I’ve seen a lot of questions from those who have recently deployed Hyper-V for the first time. Some just need a few pointers to iron some minor glitches, but some are in really bad shape. Here are some of the common deployment mistakes and their solutions.
1. Mis-Provisioning Resources in Hyper-V
There are a lot of ways to get the hardware wrong. This is usually the result of not having system profiles or by taking advice from people that don’t have to write the checks for your systems.
Improper Balance of CPU and Memory
You are almost guaranteed to run out of memory resources long before you run out of CPU. Don’t be one of those poor souls that buys dual 20-core CPUs with 64GB of RAM. Memory can’t be shared. Even though you can use Dynamic Memory to squeeze in more VMs than might otherwise fit, the memory that each VM uses belongs only to that VM. CPU, on the other hand, spreads out nicely. To keep it short, it’s because CPU cores aren’t dedicated to anything and will easily handle the load from multiple virtual machines.
The best thing to do is run Performance Monitor traces against systems you intend to place into your new virtual environment. If you can’t do that, try to get some idea from people who have. If you can’t do that, you can talk to the manufacturers of the applications you’ll be virtualizing. They’re going to overstate their needs, but it’s a starting point. If all else fails, Microsoft used to recommend 8-12 virtual CPUs per physical core for virtualized server operating systems. It’s not wonderful, as explained in the linked article, but it’s better than nothing.

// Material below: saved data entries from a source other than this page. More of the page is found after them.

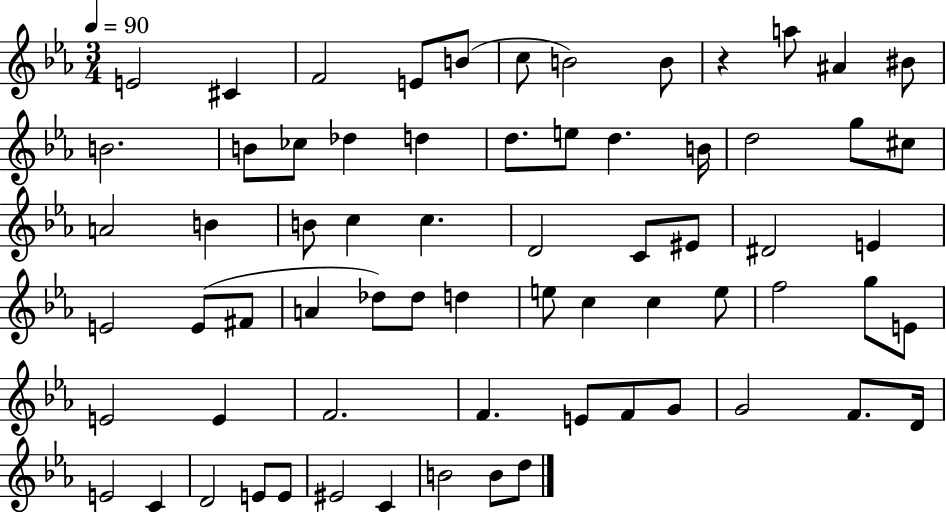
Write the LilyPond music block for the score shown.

{
  \clef treble
  \numericTimeSignature
  \time 3/4
  \key ees \major
  \tempo 4 = 90
  e'2 cis'4 | f'2 e'8 b'8( | c''8 b'2) b'8 | r4 a''8 ais'4 bis'8 | \break b'2. | b'8 ces''8 des''4 d''4 | d''8. e''8 d''4. b'16 | d''2 g''8 cis''8 | \break a'2 b'4 | b'8 c''4 c''4. | d'2 c'8 eis'8 | dis'2 e'4 | \break e'2 e'8( fis'8 | a'4 des''8) des''8 d''4 | e''8 c''4 c''4 e''8 | f''2 g''8 e'8 | \break e'2 e'4 | f'2. | f'4. e'8 f'8 g'8 | g'2 f'8. d'16 | \break e'2 c'4 | d'2 e'8 e'8 | eis'2 c'4 | b'2 b'8 d''8 | \break \bar "|."
}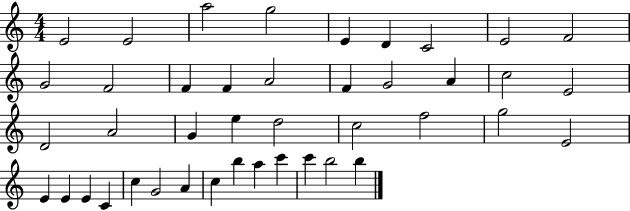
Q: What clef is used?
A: treble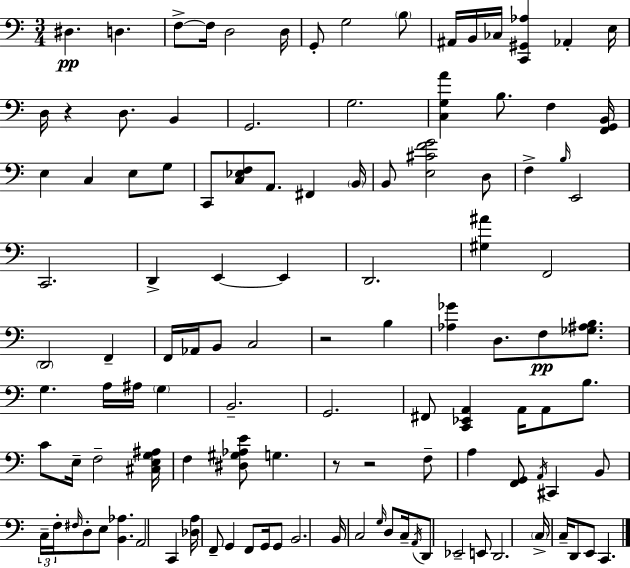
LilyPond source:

{
  \clef bass
  \numericTimeSignature
  \time 3/4
  \key a \minor
  dis4.\pp d4. | f8->~~ f16 d2 d16 | g,8-. g2 \parenthesize b8 | ais,16 b,16 ces16 <c, gis, aes>4 aes,4-. e16 | \break d16 r4 d8. b,4 | g,2. | g2. | <c g a'>4 b8. f4 <f, g, b,>16 | \break e4 c4 e8 g8 | c,8 <c ees f>8 a,8. fis,4 \parenthesize b,16 | b,8 <e cis' f' g'>2 d8 | f4-> \grace { b16 } e,2 | \break c,2. | d,4-> e,4~~ e,4 | d,2. | <gis ais'>4 f,2 | \break \parenthesize d,2 f,4-- | f,16 aes,16 b,8 c2 | r2 b4 | <aes ges'>4 d8. f8\pp <ges ais b>8. | \break g4. a16 ais16 \parenthesize g4 | b,2.-- | g,2. | fis,8 <c, ees, a,>4 a,16 a,8 b8. | \break c'8 e16-- f2-- | <cis e g ais>16 f4 <dis gis aes e'>8 g4. | r8 r2 f8-- | a4 <f, g,>8 \acciaccatura { a,16 } cis,4 | \break b,8 \tuplet 3/2 { c16-- f16-. \grace { fis16 } } d8-. e8 <b, aes>4. | a,2 c,4 | <des a>16 f,8-- g,4 f,8 | g,16 g,8 b,2. | \break b,16 c2 | \grace { g16 } d8 c16-- \acciaccatura { a,16 } d,8 ees,2-- | e,8 d,2. | \parenthesize c16-> c16-- d,8 e,8 c,4. | \break \bar "|."
}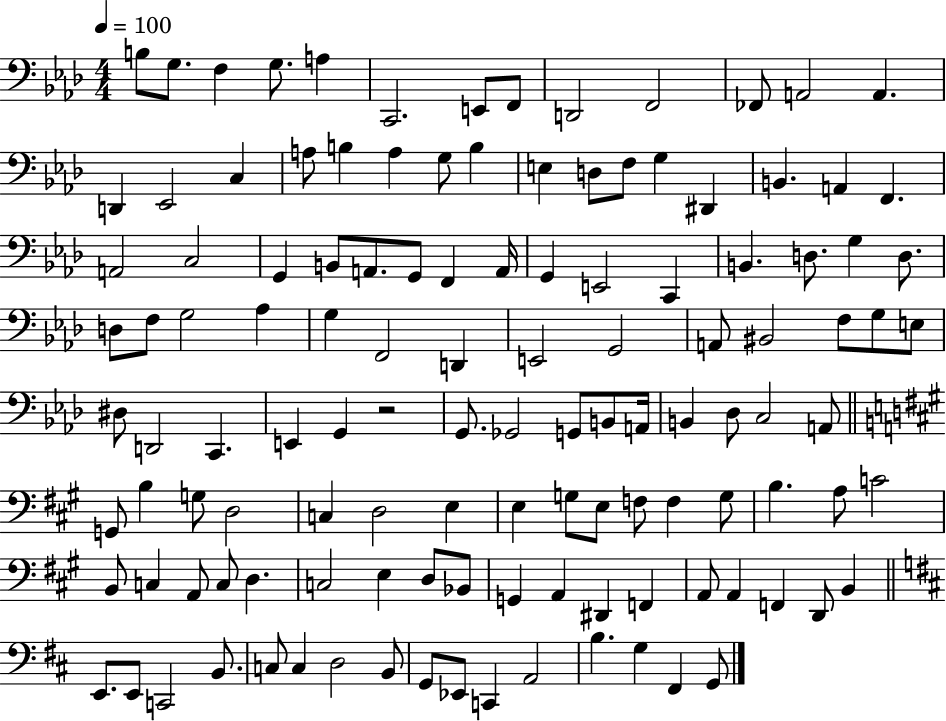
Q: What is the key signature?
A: AES major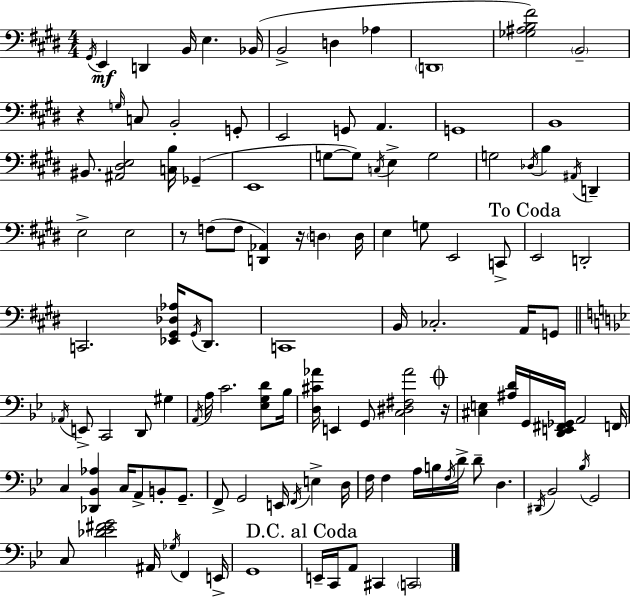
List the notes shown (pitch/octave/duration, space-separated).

G#2/s E2/q D2/q B2/s E3/q. Bb2/s B2/h D3/q Ab3/q D2/w [Gb3,A#3,B3,F#4]/h B2/h R/q G3/s C3/e B2/h G2/e E2/h G2/e A2/q. G2/w B2/w BIS2/e. [A#2,D#3,E3]/h [C3,B3]/s Gb2/q E2/w G3/e G3/e C3/s E3/q G3/h G3/h Db3/s B3/q A#2/s D2/q E3/h E3/h R/e F3/e F3/e [D2,Ab2]/q R/s D3/q D3/s E3/q G3/e E2/h C2/e E2/h D2/h C2/h. [Eb2,G#2,Db3,Ab3]/s G#2/s D#2/e. C2/w B2/s CES3/h. A2/s G2/e Ab2/s E2/e C2/h D2/e G#3/q A2/s A3/s C4/h. [Eb3,G3,D4]/e Bb3/s [D3,C#4,Ab4]/s E2/q G2/e [C3,D#3,F#3,Ab4]/h R/s [C#3,E3]/q [A#3,D4]/s G2/s [D2,E2,F#2,Gb2]/s A2/h F2/s C3/q [Db2,Bb2,Ab3]/q C3/s A2/e B2/e G2/e. F2/e G2/h E2/s F2/s E3/q D3/s F3/s F3/q A3/s B3/s F3/s D4/s D4/e D3/q. D#2/s Bb2/h Bb3/s G2/h C3/e [Db4,Eb4,F#4,G4]/h A#2/s Gb3/s F2/q E2/s G2/w E2/s C2/s A2/e C#2/q C2/h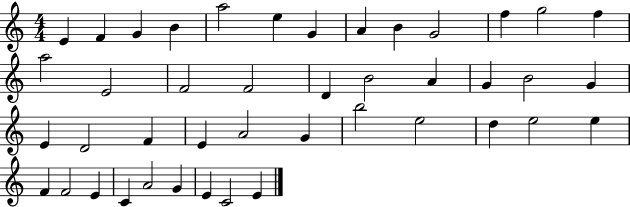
{
  \clef treble
  \numericTimeSignature
  \time 4/4
  \key c \major
  e'4 f'4 g'4 b'4 | a''2 e''4 g'4 | a'4 b'4 g'2 | f''4 g''2 f''4 | \break a''2 e'2 | f'2 f'2 | d'4 b'2 a'4 | g'4 b'2 g'4 | \break e'4 d'2 f'4 | e'4 a'2 g'4 | b''2 e''2 | d''4 e''2 e''4 | \break f'4 f'2 e'4 | c'4 a'2 g'4 | e'4 c'2 e'4 | \bar "|."
}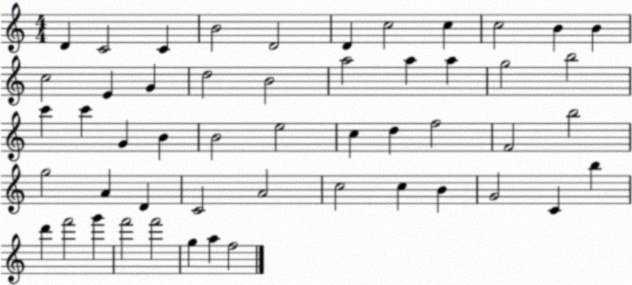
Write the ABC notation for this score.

X:1
T:Untitled
M:4/4
L:1/4
K:C
D C2 C B2 D2 D c2 c c2 B B c2 E G d2 B2 a2 a a g2 b2 c' c' G B B2 e2 c d f2 F2 b2 g2 A D C2 A2 c2 c B G2 C b d' f'2 g' f'2 f'2 g a f2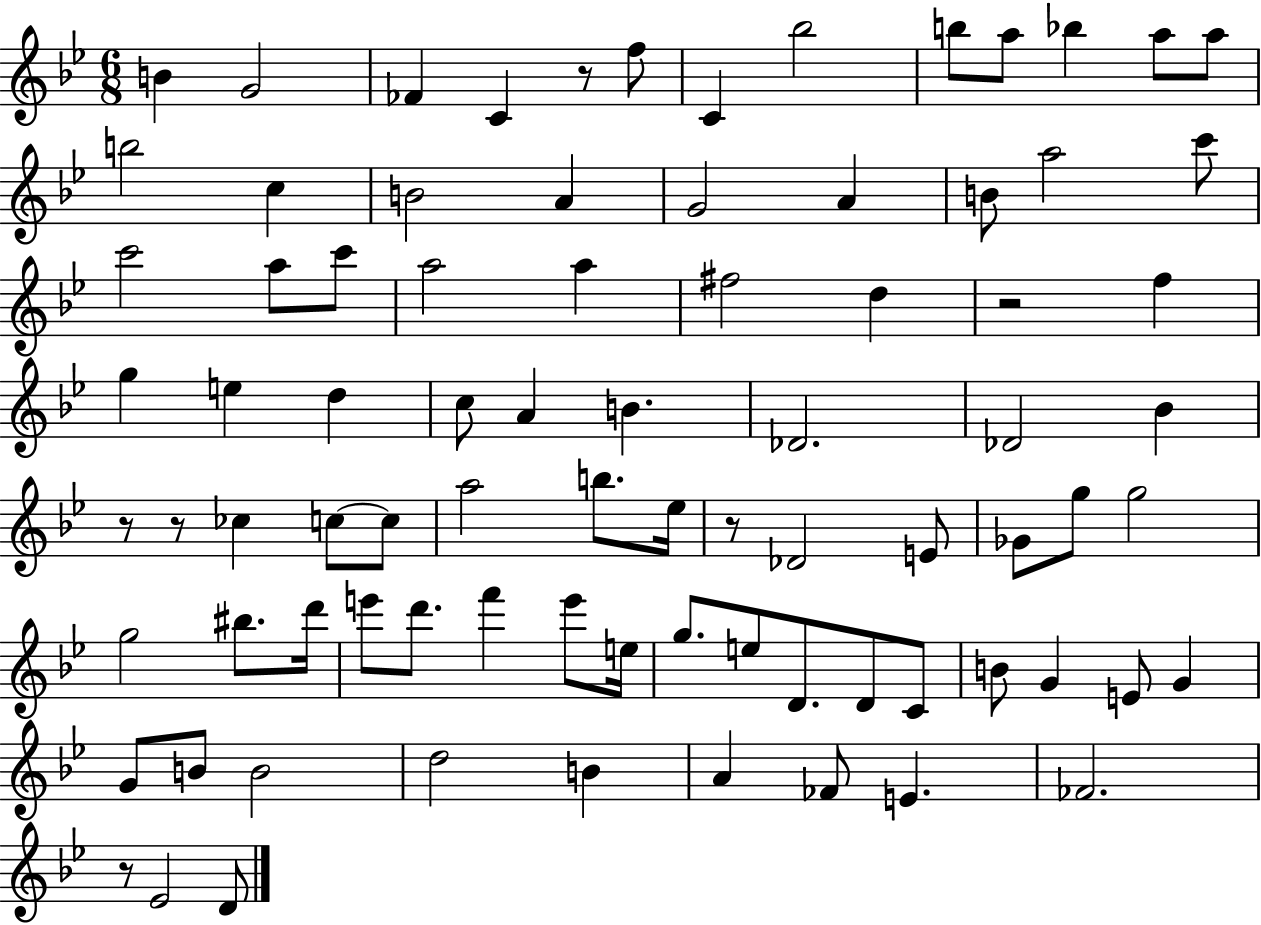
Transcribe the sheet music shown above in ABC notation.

X:1
T:Untitled
M:6/8
L:1/4
K:Bb
B G2 _F C z/2 f/2 C _b2 b/2 a/2 _b a/2 a/2 b2 c B2 A G2 A B/2 a2 c'/2 c'2 a/2 c'/2 a2 a ^f2 d z2 f g e d c/2 A B _D2 _D2 _B z/2 z/2 _c c/2 c/2 a2 b/2 _e/4 z/2 _D2 E/2 _G/2 g/2 g2 g2 ^b/2 d'/4 e'/2 d'/2 f' e'/2 e/4 g/2 e/2 D/2 D/2 C/2 B/2 G E/2 G G/2 B/2 B2 d2 B A _F/2 E _F2 z/2 _E2 D/2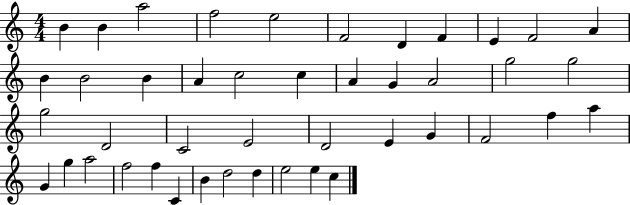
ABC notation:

X:1
T:Untitled
M:4/4
L:1/4
K:C
B B a2 f2 e2 F2 D F E F2 A B B2 B A c2 c A G A2 g2 g2 g2 D2 C2 E2 D2 E G F2 f a G g a2 f2 f C B d2 d e2 e c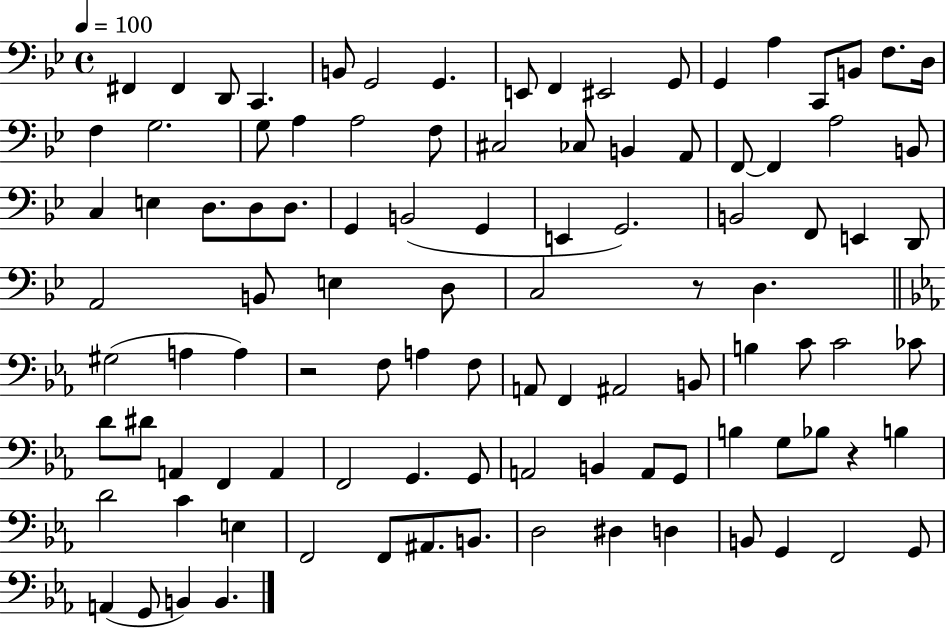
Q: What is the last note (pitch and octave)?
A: B2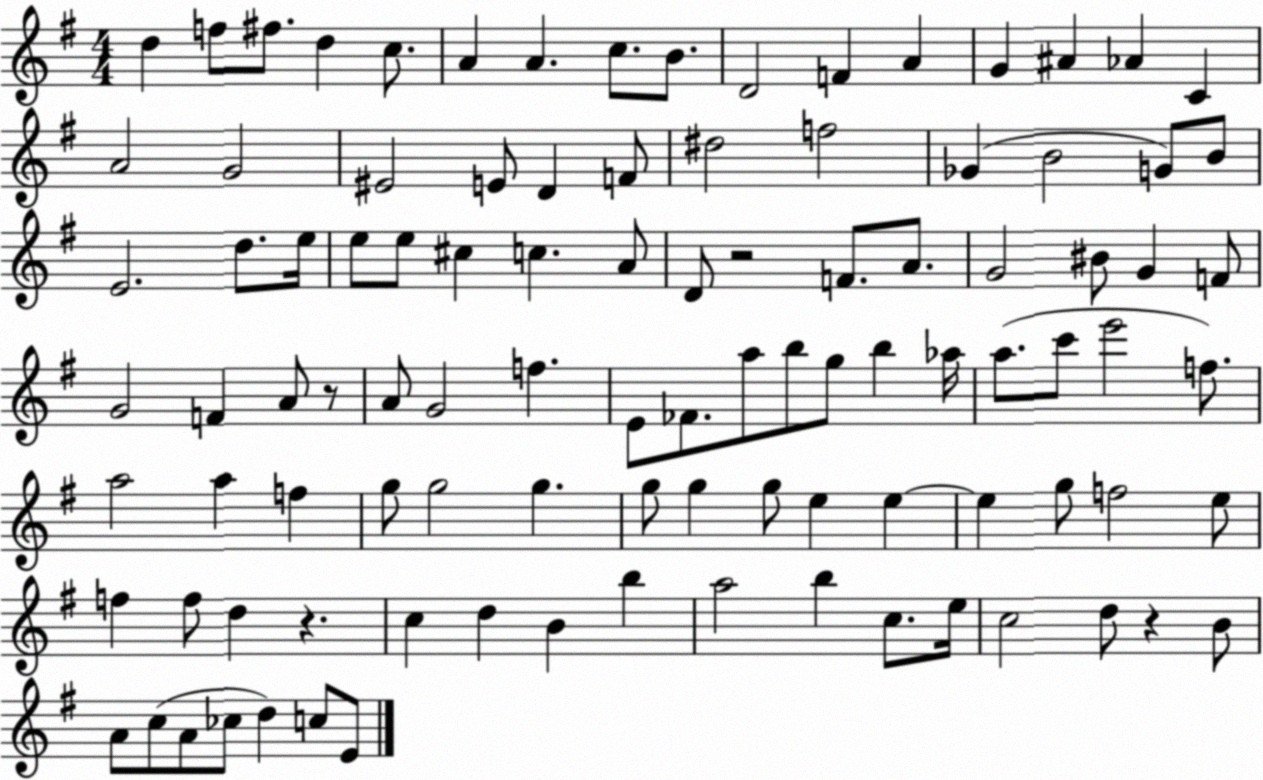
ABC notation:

X:1
T:Untitled
M:4/4
L:1/4
K:G
d f/2 ^f/2 d c/2 A A c/2 B/2 D2 F A G ^A _A C A2 G2 ^E2 E/2 D F/2 ^d2 f2 _G B2 G/2 B/2 E2 d/2 e/4 e/2 e/2 ^c c A/2 D/2 z2 F/2 A/2 G2 ^B/2 G F/2 G2 F A/2 z/2 A/2 G2 f E/2 _F/2 a/2 b/2 g/2 b _a/4 a/2 c'/2 e'2 f/2 a2 a f g/2 g2 g g/2 g g/2 e e e g/2 f2 e/2 f f/2 d z c d B b a2 b c/2 e/4 c2 d/2 z B/2 A/2 c/2 A/2 _c/2 d c/2 E/2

Improper Balance of Networked Storage and Network Connectivity
Two things I’ve noticed about storage are that people dramatically overestimate just how much storage speed they need and dramatically overestimate just how fast storage can perform. They’ll hear that RAID-10 is the fastest RAID build, so they’ll stick six or eight disks in a RAID-10 array and then blow a bunch of money connecting to it over dual 10GbE adapters. It will probably work, but mainly because people who build that sort of configuration usually don’t need a great deal of disk performance.
The short explanation is: spinning disks are very slow and 10GbE networking is very fast. A bonded 10GbE pair is very very fast. You’re going to need a lot more than 6 or 8 disks to come anywhere keeping that thing satisfied. Even if you’ve got that many disks, you’re still going to need lots of lots of demand or the line is still going to be mostly empty.
It’s more important to size disk appropriately than CPU, because storage costs can escalate quickly. Try to get an idea for what your real I/O needs will be in advance. Don’t blindly ask people for advice; you’ll be advised to over-buy every time. If you don’t know, databases performing hundreds of transactions per minute, or more, need lots of I/O. Most everything else doesn’t. In aggregate, disk needs can be high, of course, but a dozen VMs that each average 30 IOPS of load won’t even bog down four 15k disks.
Improper Balance of SSD and Spinning Disks
SSD is obviously a fantastic application for virtualization loads. It’s really fast and the low latency makes the scattered access of multiple virtual machines into a non-issue. We have a while until it gets cheap enough to replace spinning disk, though. In the interim, we can build hybrid arrays that use both. With Storage Spaces, we can even do it with commodity server hardware.
Unfortunately, these SSDs are often used inappropriately. More than once, I’ve seen newcomers install Hyper-V Server on a pair of SSDs and use their spinning disks to hold virtual machines. This is a horrible misapplication of disk resources. Hyper-V Server, or Windows Server with Hyper-V, is going to do a lot of disk churn when it’s first turned on and then it’s going to sit idle. It’s your virtual machines that need disk I/O. If you’re not going to put those SSD to use holding VM data, yank them and put them in a different computer where they can earn their keep. It’s better to use Storage Spaces as mentioned in the previous paragraph.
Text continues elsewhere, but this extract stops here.